Increasing regional cooperation in water resource management in south Asia
Lucrezia Tincani, Marlene Bucky, Pooja Singh
The South Asia Water Initiative (SAWI-II) is a five-year, multi-donor trust fund that aims to increase regional cooperation in the management of the major Himalayan river systems in south Asia (the Ganges, Indus, and Brahmaputra Rivers). SAWI-II aims to improve knowledge-sharing on water resource management (WRM), build the capacity of water resource organisations, build trust among stakeholders, and inform the design of World Bank WRM investments in the region. We carried out the evaluation in Year 4 of SAWI-II, with the primary aim of providing learning for future programming on transboundary management of international rivers. The evaluation adopted a theory-based approach, carrying our case study visits in India, Nepal, Bhutan, and Bangladesh and interviewing stakeholders from Afghanistan and China remotely.

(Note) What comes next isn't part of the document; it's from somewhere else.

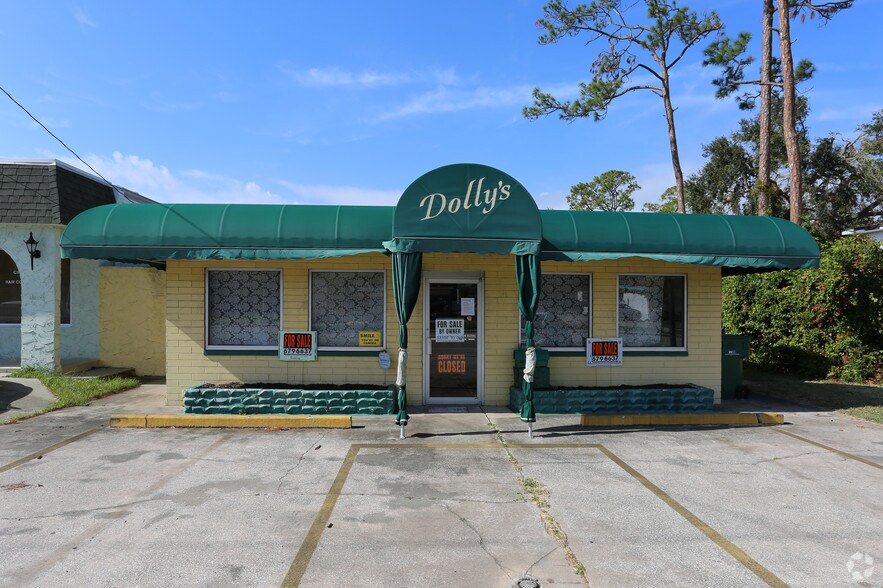 1680 Ridgewood Ave, Daytona Beach, FL à vendre - Photo de l’immeuble – Image 2 sur 14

Transboundary water resource management in south Asia operates in a highly political space, where political tensions can hinder cooperation on water despite joint interests in sustainable water resource management. As a result, observing the benefits of any initiative seeking to foster cooperation on south Asian rivers will take time – and many benefits will only be visible several years after the initiative ends. The evaluation therefore focused on understanding progress made along a continuum, rather than only on observable achievements.
The outcomes and impacts of SAWI-II were difficult to quantify, resulting in a strong reliance on subjective views of implementing partners, to assess progress made. Finally, due to the highly political and at times tense nature of international relations in the region, only stakeholders directly involved in SAWI-II were interviewed, resulting in a largely inward-looking evaluation.
The objective of this evaluation was primarily to provide learning for future programming on transboundary management of international rivers. The evaluation used a theory-based approach, exploring to what extent and how the five pathways of change of the initiative delivered the desired outcomes and impacts, in different river basins.
Data collection methods entailed a combination of interviews during in-person country visits across south Asia, telephone interviews with SAWI-II staff, co-donors, and others, and the analysis of available SAWI-II documentation and World Bank lending data. In-person country visits focused on a sub-set of activities: 19 case studies were selected for analysis (13 were analysed in depth). These cases included examples from all five focal areas and six out of seven countries. We interviewed stakeholders in India, Nepal, Bhutan, and Bangladesh in person (during country visits), and interviewed stakeholders from Afghanistan and China on the phone. Obtaining the views of different stakeholders for each case allowed triangulation of findings. Several interviews were also held with independent sector experts to validate emerging findings and ensure the external validity of the conclusions.
The draft findings and recommendations were validated with the World Bank and SAWI-II donors during several workshops in Delhi.
Our evaluation concluded that SAWI-II had been effective at improving knowledge and awareness on WRM and on building capacity on transboundary WRM. SAWI-II has built trust, both among ministries in the same country and between different countries, to increase the willingness to engage on water governance issues. However trust-building is a long-term process that requires sustained effort and which can be limited by the external political environment. Overall, longer-term efforts are needed to sustain the momentum created by SAWI-II and to institutionalise capacity-building gains. It is too early to tell whether progress towards increased cooperation on transboundary rivers will continue in the longer term.
As a result of the theory-based approach, this evaluation report has provided the World Bank, and the three SAWI-II donors with clear lessons on the essential building blocks of a transboundary cooperation. The recommendations were received positively by DFID and the World Bank, who prepared a management response on how recommendations will be implemented.
It has been confirmed that SAWI-II will be extended for another 18 months, allowing the World Bank to implement the key recommendations of the evaluation.